> TASK BRIEF
What you write must be the lines from the one holding "1543 Montgomery St, Coal Township, PA 17866" through the final line of the records below, reproduced exactly, minus the pictures.

Stored records

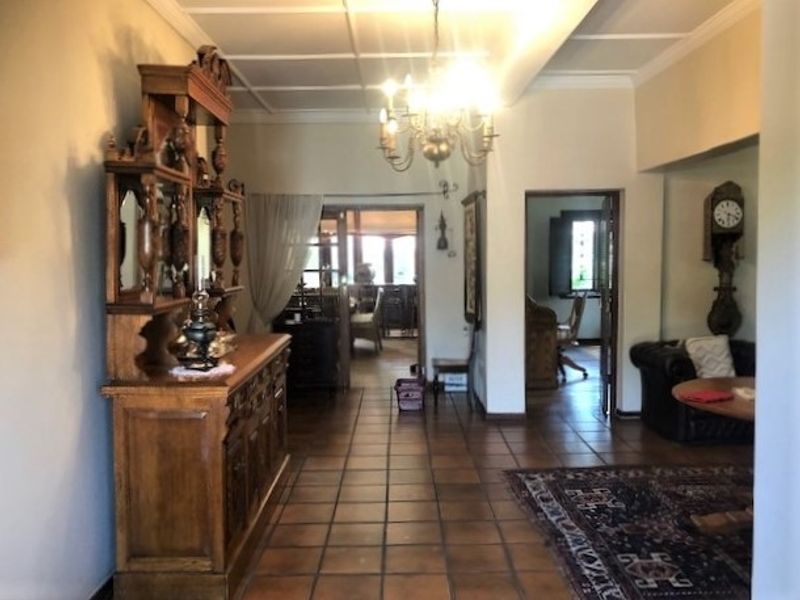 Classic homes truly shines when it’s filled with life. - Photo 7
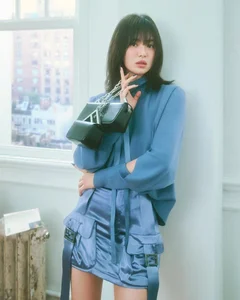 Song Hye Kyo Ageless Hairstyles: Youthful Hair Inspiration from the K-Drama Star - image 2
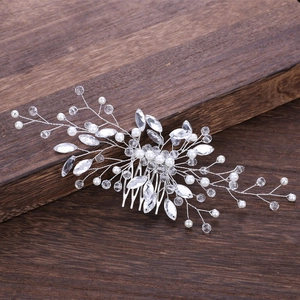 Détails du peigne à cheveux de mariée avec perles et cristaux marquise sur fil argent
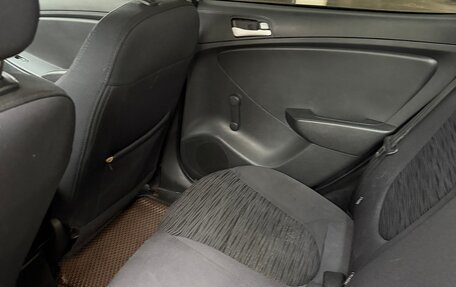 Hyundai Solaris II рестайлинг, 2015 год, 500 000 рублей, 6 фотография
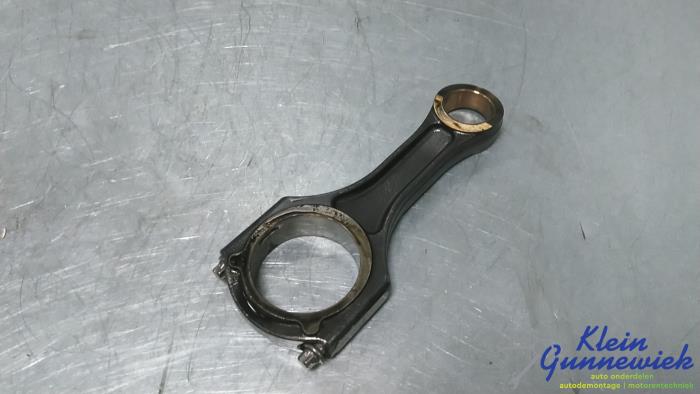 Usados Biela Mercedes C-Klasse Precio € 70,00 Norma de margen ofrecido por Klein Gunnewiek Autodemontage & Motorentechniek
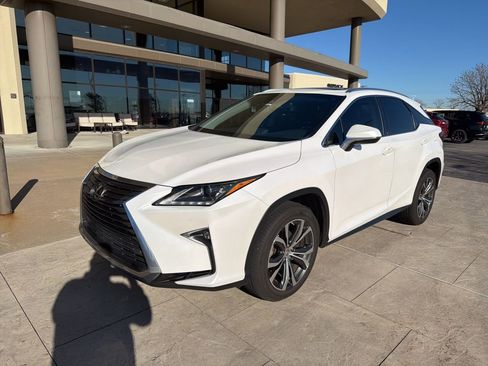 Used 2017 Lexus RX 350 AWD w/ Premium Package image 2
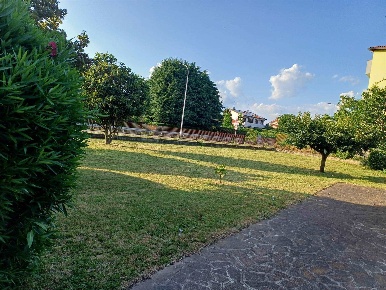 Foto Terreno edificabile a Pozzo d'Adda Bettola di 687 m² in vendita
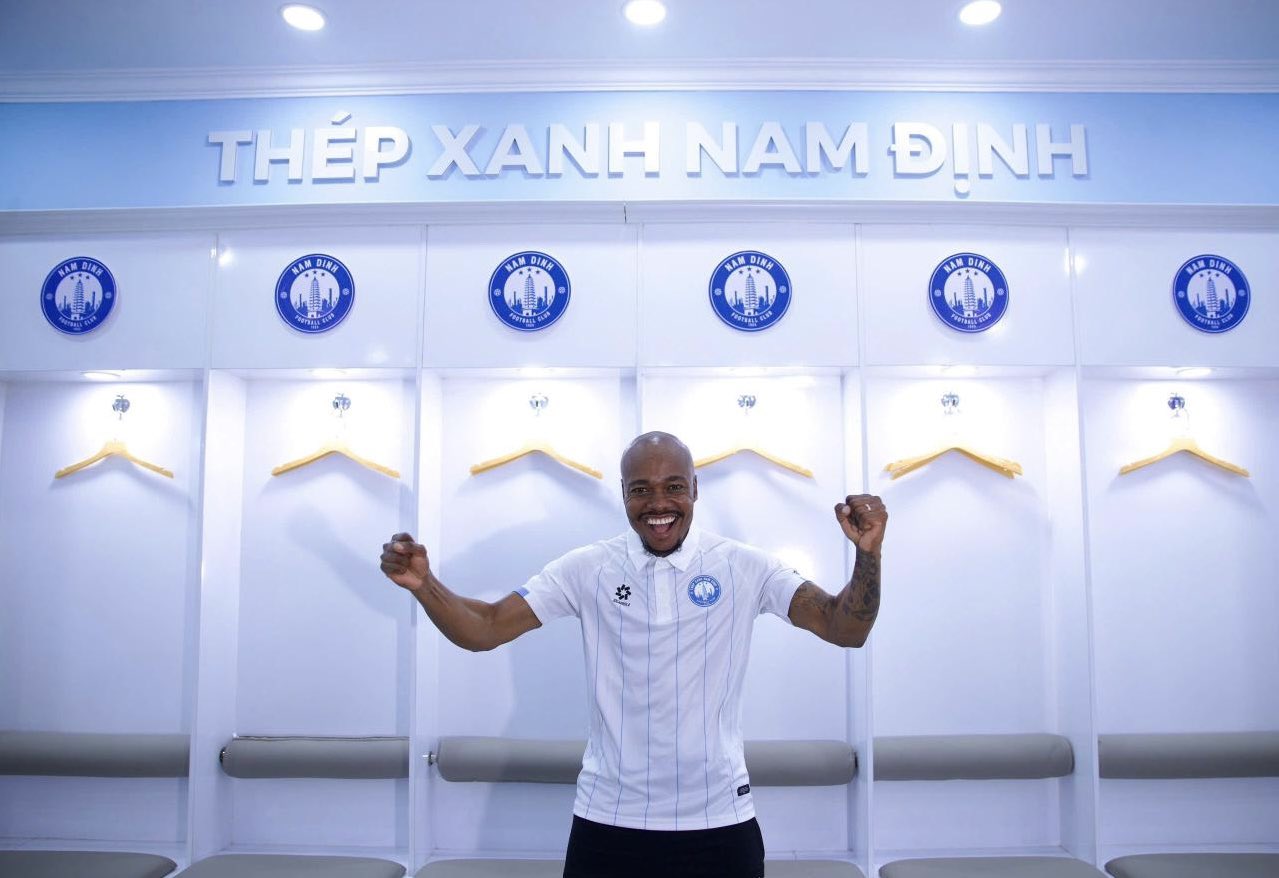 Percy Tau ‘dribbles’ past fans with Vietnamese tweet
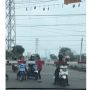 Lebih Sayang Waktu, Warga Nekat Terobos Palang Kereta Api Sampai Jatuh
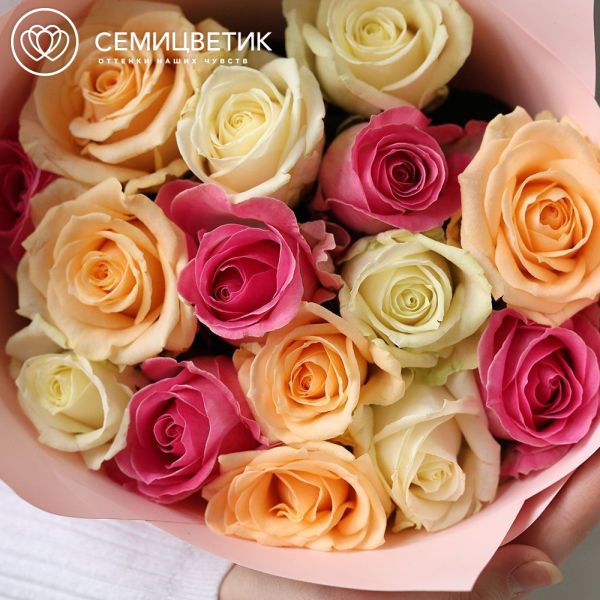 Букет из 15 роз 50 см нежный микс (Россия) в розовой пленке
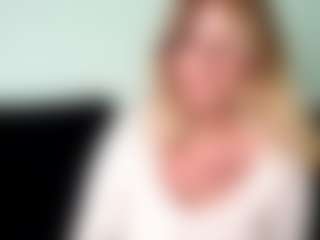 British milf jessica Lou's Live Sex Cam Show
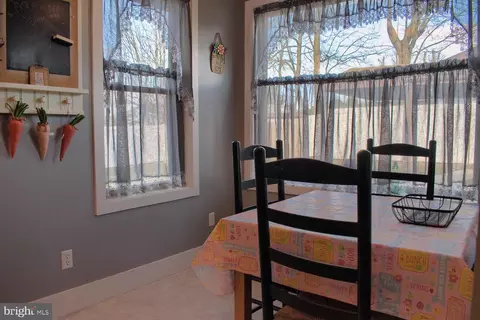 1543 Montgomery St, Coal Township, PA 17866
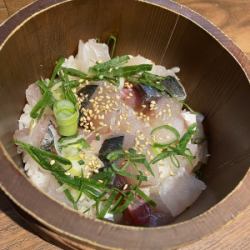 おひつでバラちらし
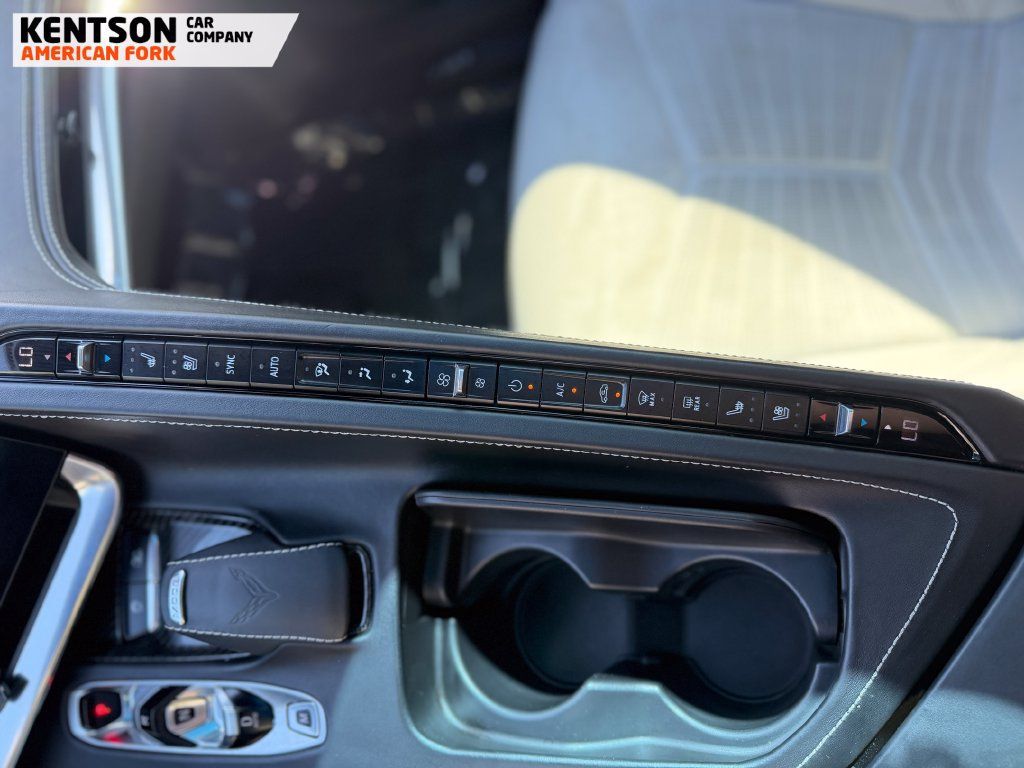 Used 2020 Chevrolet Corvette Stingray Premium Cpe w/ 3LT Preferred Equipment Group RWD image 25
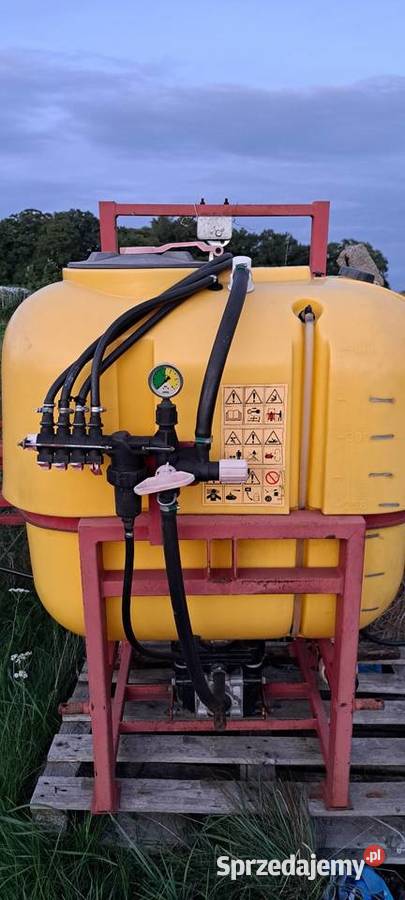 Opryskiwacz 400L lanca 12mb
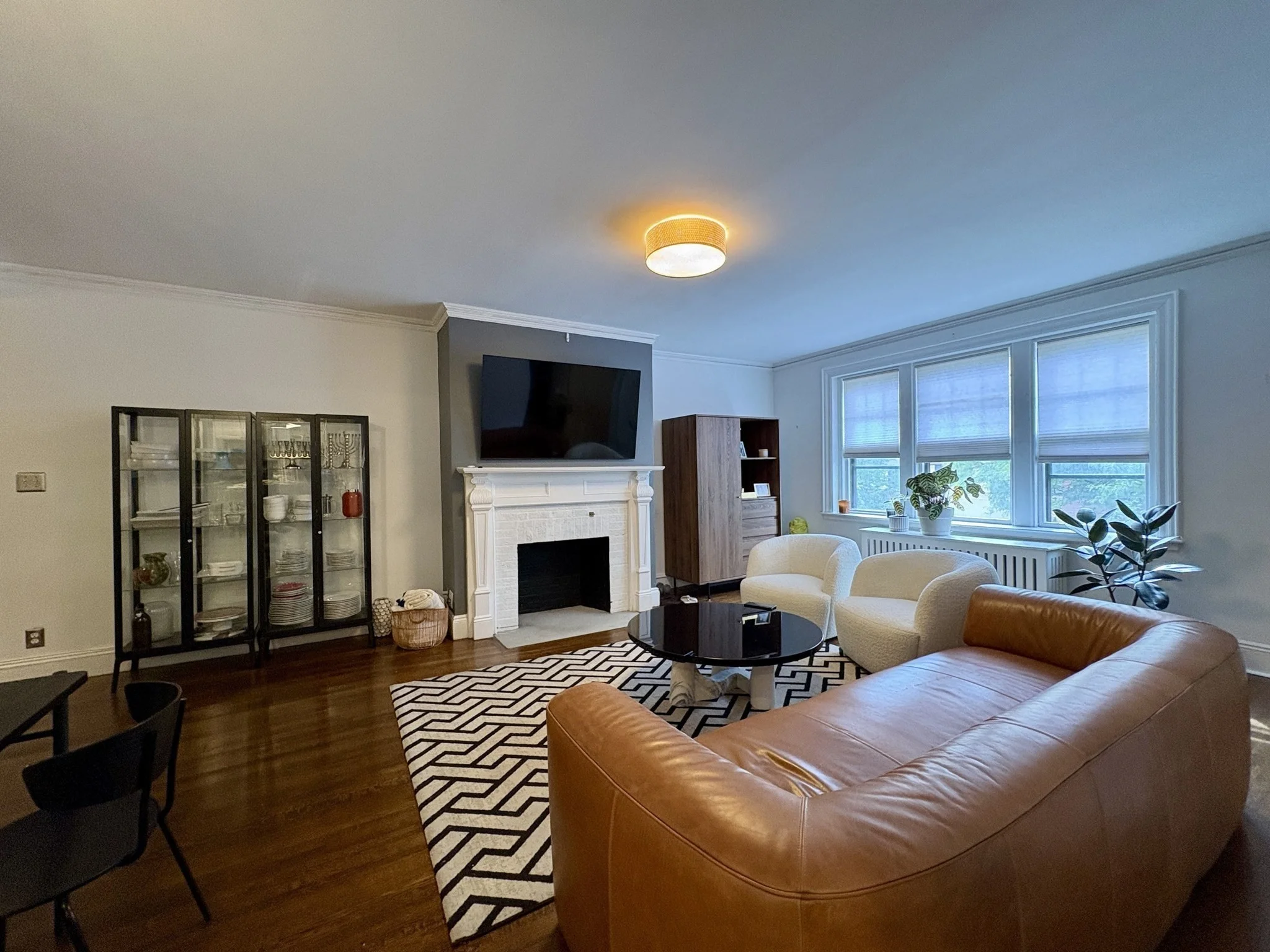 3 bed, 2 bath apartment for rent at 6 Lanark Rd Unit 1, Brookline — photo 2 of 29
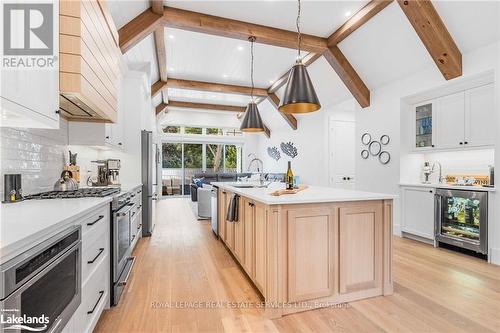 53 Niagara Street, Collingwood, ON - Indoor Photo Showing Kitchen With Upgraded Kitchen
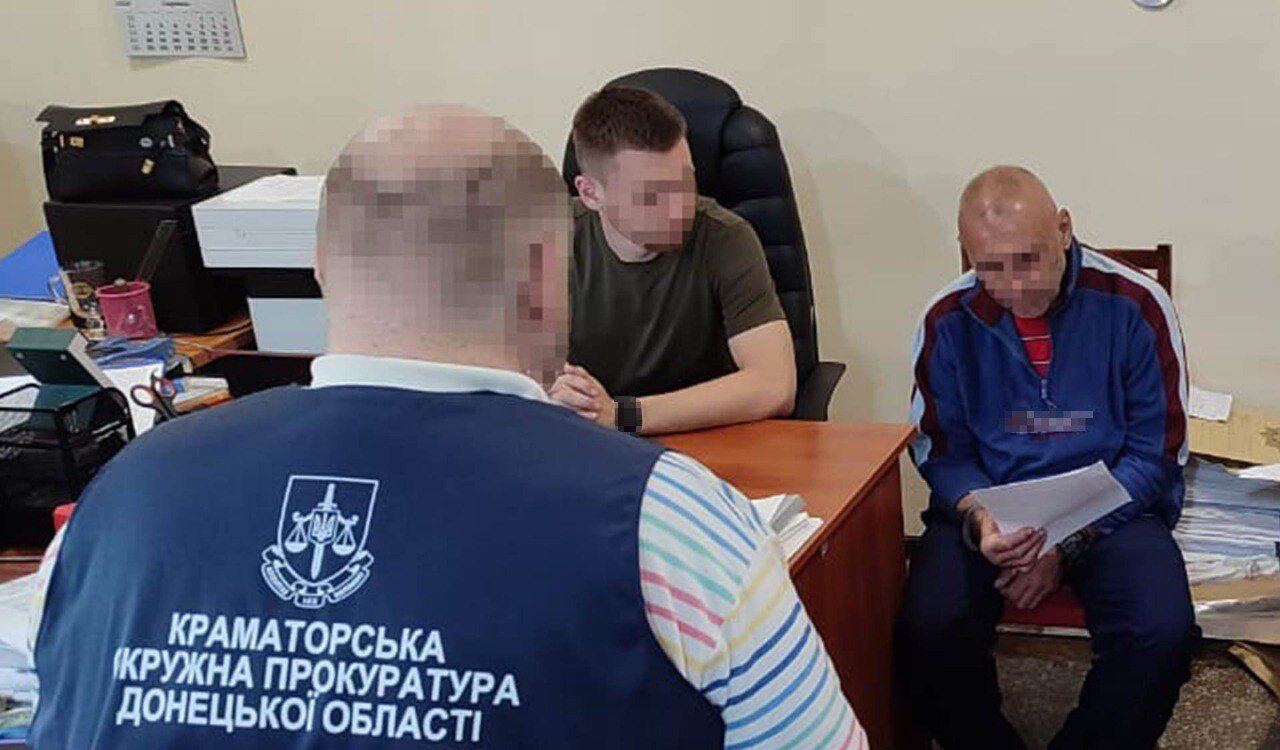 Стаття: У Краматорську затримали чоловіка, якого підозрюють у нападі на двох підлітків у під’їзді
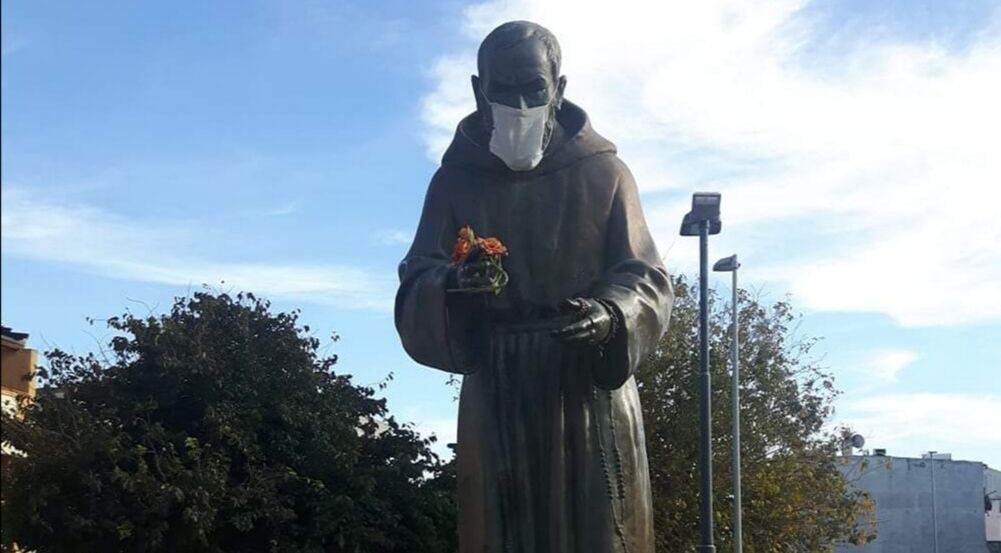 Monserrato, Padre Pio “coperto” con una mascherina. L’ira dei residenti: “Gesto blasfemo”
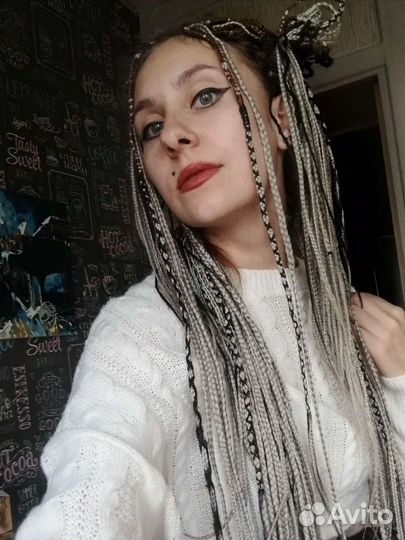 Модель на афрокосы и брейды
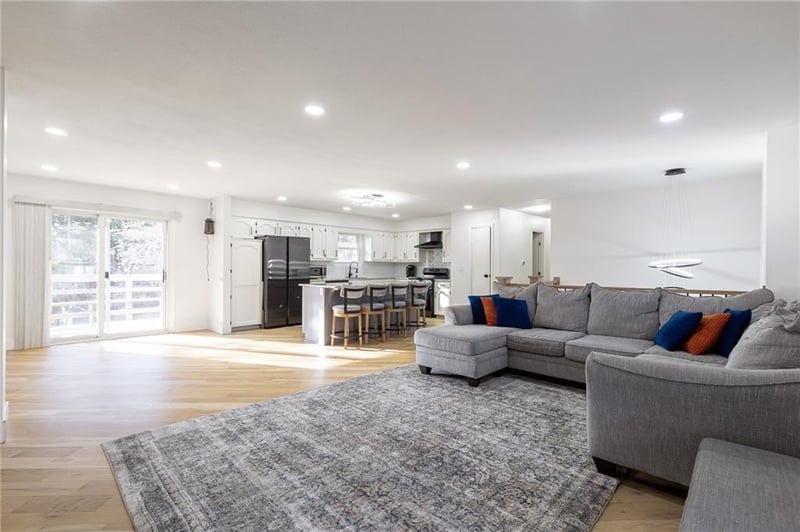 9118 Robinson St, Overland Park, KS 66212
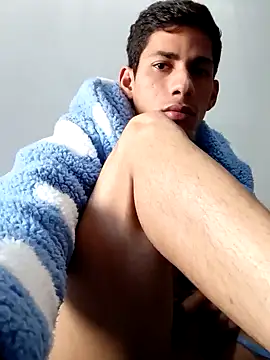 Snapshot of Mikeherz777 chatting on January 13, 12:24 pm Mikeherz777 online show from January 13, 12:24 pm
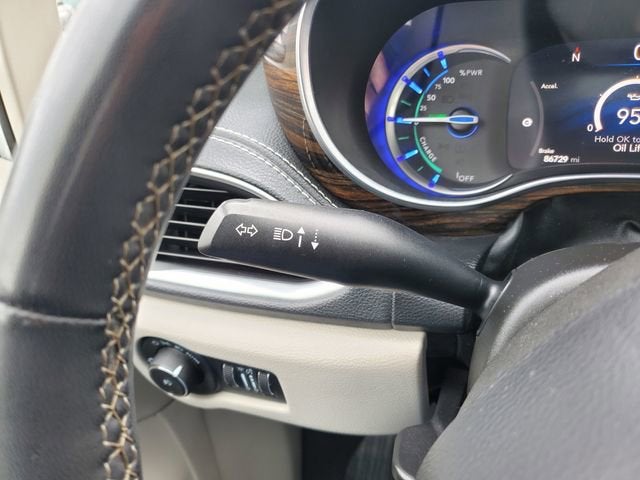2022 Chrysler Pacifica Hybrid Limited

> SOLUTION FOR THIS TASK
 1543 Montgomery St, Coal Township, PA 17866
 おひつでバラちらし
 Used 2020 Chevrolet Corvette Stingray Premium Cpe w/ 3LT Preferred Equipment Group RWD image 25
 Opryskiwacz 400L lanca 12mb
 3 bed, 2 bath apartment for rent at 6 Lanark Rd Unit 1, Brookline — photo 2 of 29
 53 Niagara Street, Collingwood, ON - Indoor Photo Showing Kitchen With Upgraded Kitchen
 Стаття: У Краматорську затримали чоловіка, якого підозрюють у нападі на двох підлітків у під’їзді
 Monserrato, Padre Pio “coperto” con una mascherina. L’ira dei residenti: “Gesto blasfemo”
 Модель на афрокосы и брейды
 9118 Robinson St, Overland Park, KS 66212
 Snapshot of Mikeherz777 chatting on January 13, 12:24 pm Mikeherz777 online show from January 13, 12:24 pm
2022 Chrysler Pacifica Hybrid Limited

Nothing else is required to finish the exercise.